Para pendukung kasus pengadilan mempertanyakan kesetiaan warga Pakistan yang memiliki paspor lain dan bertanya apakah mereka benar-benar dapat mewakili masyarakat di negara ini, di mana mayoritas hidup dalam kemiskinan dan memiliki sedikit kesempatan untuk bepergian ke luar negeri. Yang lain bersikeras bahwa warga Pakistan yang memiliki hubungan luar negeri sering kali memiliki hubungan yang kuat dengan tanah air mereka dan dapat menyediakan sumber daya dan keahlian yang dibutuhkan negara tersebut.
“Loyalitas adalah hal yang subyektif,” kata Faisal Subzwari, pejabat tinggi Gerakan Muttahida Qaumi, sebuah partai dalam koalisi berkuasa yang mendukung diperbolehkannya warga Pakistan dari negara lain untuk mencalonkan diri. “Orang-orang yang menjarah dan menjarah sumber daya kita, orang-orang yang mencoba merusak tanah air – sebagian besar tidak memiliki kewarganegaraan ganda.”
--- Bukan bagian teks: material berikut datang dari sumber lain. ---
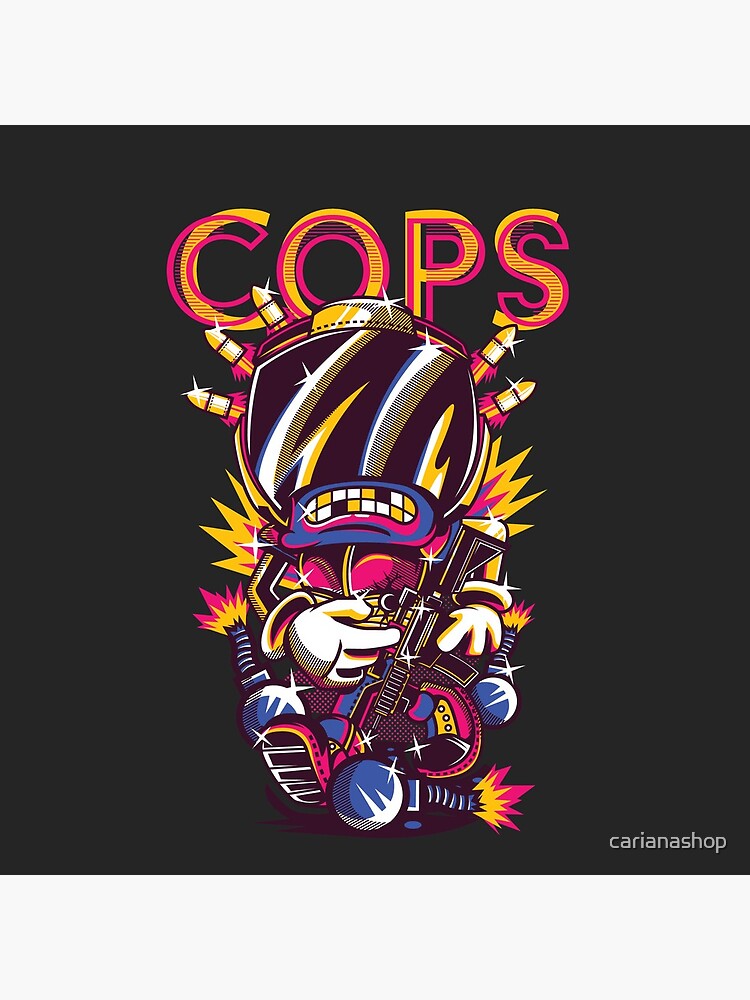 Cops von carianashop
Persyaratan kewarganegaraan untuk pengurus sangat bervariasi di seluruh dunia.
Di Amerika Serikat, ada dua warga negara yang memegang jabatan tinggi – mantan Gubernur Kalifornia Arnold Schwarzenegger tetap mempertahankan kewarganegaraan Austria-nya dan juga menjadi warga Amerika yang dinaturalisasi, misalnya. Namun di Mesir, seorang calon presiden yang mendiang ibunya berkewarganegaraan Amerika didiskualifikasi berdasarkan undang-undang yang melarang calon presiden, pasangannya, dan orang tuanya memiliki kewarganegaraan lain.
Kontroversi kewarganegaraan ini mencerminkan skandal Pakistan baru-baru ini, yang melibatkan anggota parlemen yang diduga memalsukan gelar pendidikan mereka untuk memenuhi persyaratan jabatan. Afgan, petugas pemilu, mengatakan lebih dari 50 kasus gelar palsu telah dituntut. Sangat diragukan bahwa pengadilan yang terkenal lamban ini akan dapat menyelesaikan semuanya. Persyaratan gelar telah dibatalkan.
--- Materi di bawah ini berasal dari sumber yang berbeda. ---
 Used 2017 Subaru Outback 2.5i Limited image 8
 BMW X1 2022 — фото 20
Manuver politik ini bisa menjadi pertanda musim pemilu yang pahit di Pakistan. Pemilihan umum diperkirakan akan diadakan pada musim semi, meskipun pemungutan suara dapat dilakukan lebih awal.
Partai Rakyat yang berkuasa kemungkinan besar akan kehilangan kursi, namun mereka masih bisa meraih kemenangan lebih banyak dibandingkan partai lain mana pun di parlemen. Para analis memperkirakan faksi-faksi lain, seperti Liga Muslim Pakistan-N yang dipimpin mantan perdana menteri Nawaz Sharif dan partai Tehreek-e-Insaf di Pakistan yang dipimpin mantan bintang kriket Imran Khan, akan berjalan dengan baik. Partai Sharif berpeluang besar mengalahkan Partai Rakyat.
Analis politik Rizvi mengatakan pemerintahan berikutnya kemungkinan besar akan menggunakan koalisi lain. Tergantung pada jumlah kursi yang dimenangkan masing-masing partai, ada kemungkinan bahwa kelompok utama harus melakukan lebih banyak kompromi dibandingkan yang harus dilakukan oleh Partai Rakyat saat ini. Rizvi mengatakan skenario terbaiknya adalah pemerintah akan menjadi lemah seperti ini.
“Entah akan lemah atau lemah. Tampaknya sangat jelas bahwa pemerintahan ini tidak bisa menjadi pemerintahan yang lebih kuat,” katanya.